This invention relates to a detector circuit employing Schottky diodes for detection of radio-frequency (r.f.) signals and other time-varying signals and, more particularly, to a detection circuit employing a matched pair of Schottky diodes disposed on a thermally stabilized substrate and coupled via a dual channel amplifier for rejection of a common mode of bias voltage drift in an output detected signal for freeing the detected signal from the effects of thermally induced drift in diode parameters.
Detector circuits are employed for detecting signals having time-varying waveforms. Of particular interest herein, are detectors of r.f. signals which may be received from a distant site via an antenna, or from other electronic equipment, and coupled to a detector circuit. With respect to the detection of an r.f. signal, it is noted that the detection of both modulated and unmodulated r.f. signals is of interest. The detection of an unmodulated r.f. signal, or a modulated r.f. signal wherein the amplitude varies slowly, is of particular interest in the construction of detector circuits because the presence of thermal drift in bias voltages or other circuit parameters may well mask or distort the detection of such r.f. signals, particularly relatively weak r.f. signals wherein the amplitude is commensurate with signal disturbances induced by drift.

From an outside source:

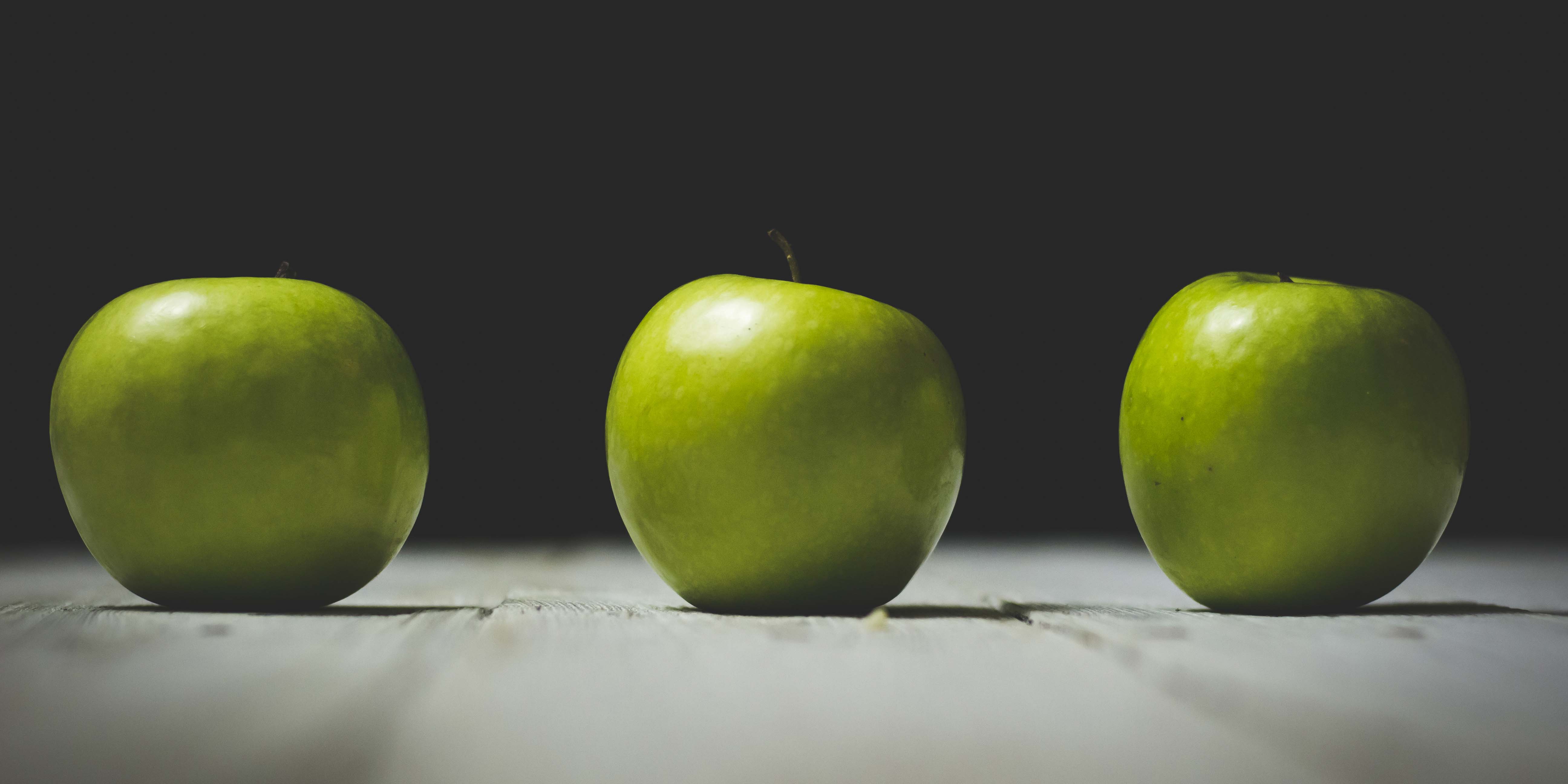 Healthy Ageing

It has been the practice to employ tunnel diodes in the construction of detectors because the tunnel diode has the important characteristic of operating with zero bias current and zero offset output voltage, while still maintaining good signal sensitivity. The zero offset voltage enables a tunnel diode detector to be employed with high accuracy in use with direct coupled (DC) amplifiers. It is further noted that the use of the tunnel diode as a detector with a DC amplifier avoids any significant output voltage drift with temperature, thereby avoiding errors associated with such drift.
The use of the tunnel diode, however, incurs performance disadvantages with respect to dynamic range. For example, the useful input power dynamic range is relatively small, typically a range of 40 decibels (dB). Also, the maximum power input level should be kept below, typically +15 dBm (relative to a milliwatt). Also, the recovery to high level, wide pulse signals, is poor. Available construction techniques with tunnel diodes does not lend itself to high reliability and, furthermore, the operating temperature range is limited to 100 degrees centigrade in the use of germanium as a construction material. These disadvantages may well outweigh the major benefit of temperature stability.
The foregoing disadvantages are avoided in the use of a Schottky r.f. detector diode. Such a diode has a wider useful dynamic range of typically +15 dBm to -44 dBm. Input power may be greater such as +20 dBm, without damage to the Schottky diode. Also, such diode has good recovery characteristics. Another advantage of the Schottky diode over the tunnel diode is the higher operating temperature range of +125 degrees C. The construction is more rugged and more reliable than that of the tunnel diode.
A major problem arises in the use of the Schottky diode for detection purposes due to the fact that the diode must be operated with a bias current in order to increase the sensitivity to a useful level. The bias current introduces an offset voltage which has a temperature drift coefficient of approximately 1 millivolt per degree Centigrade. The temperature induced voltage drift can generate an offset voltage which is large enough to severely mask the signal which is to be detected.